Yes, C programmers generally know what they are doing; they write
programs that work acceptably with the C compilers that they have
during development. The problem is compiler maintainers who blatantly
refuse to accept this, and claim that most of these programs (even gcc
and llvm themselves, see <
https://blog.regehr.org/archives/761>) are
buggy, and that they are therefore free to miscompile them in any way
they can conceive (aka they want to produce code that summons nasal
demons).
>There is no way a compiler can progress and make improvements
>while retaining the expected behaviour for all its users - it can't
>happen.
There are many ways, but they tend to be ignored by the current
generation of C compiler maintainers, because they are so in love with
their nasal demons that they prefer to introduce new ways to summon
them, and work around the bugs introduced by the ensuing complexity
(e.g., see
<
https://pldi17.sigplan.org/event/pldi-2017-papers-taming-undefined-behavior-in-llvm>).

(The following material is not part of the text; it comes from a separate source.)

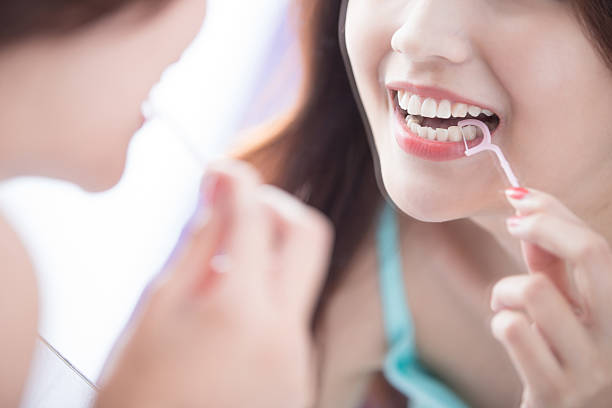 istock Smile woman with teeth floss 521047666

As an example of a possible improvement, consider the following the
for x being at the minimal value of it's type:
x-1>=x
On AMD 64 gcc-5.2.0 -fwrapv compiles this (with long x) to
48 8d 47 ff lea -0x1(%rdi),%rax
48 39 c7 cmp %rax,%rdi
7f 06 jg ...
Nasal demon lovers would suggest that I change this to
x==LONG_MIN
This is not only type-specific, it also generates longer code:
48 b8 00 00 00 00 00 00 00 80 movabs $0x8000000000000000,%rax
48 39 c7 cmp %rax,%rdi
75 05 jne ...
A compiler could improve on that while retaining the intended
behaviour by compiling both variants to
48 ff cf dec %rdi
71 05 jno ...
But unfortunately, the gcc maintainers ignored this optimization
opportunity, prefering to spend time on introducing nasal demons.
>The best you can do, and the way gcc does it, is to make sure
>that new optimisations are configurable. They provide extra flags, and
>disabled optimisation modes, precisely to please people or programs that
>get things wrong in their C coding. Disabled optimisation is even the
>default mode! It is hard to comprehend why a few (but loud) people
>complain about this - if you don't like the gcc optimisations because
>they don't follow your personal assumptions and concepts of what C
>should be, then don't use them. Problem solved, I would have thought.
The problem is not solved, for several reasons:
1) Some versions of gcc introduce nasal demons even at default
optimization. More generally, gcc does not give any better
guarantees about the language it supports for default optimization
than for any other optimization level.
2) Even if the behaviour was guaranteed not to change with disabled
optimization, gcc with disabled optimization produces code that is
several times slower than what an earlier gcc version produces at a
higher optimization level (and where the code behaves as intended).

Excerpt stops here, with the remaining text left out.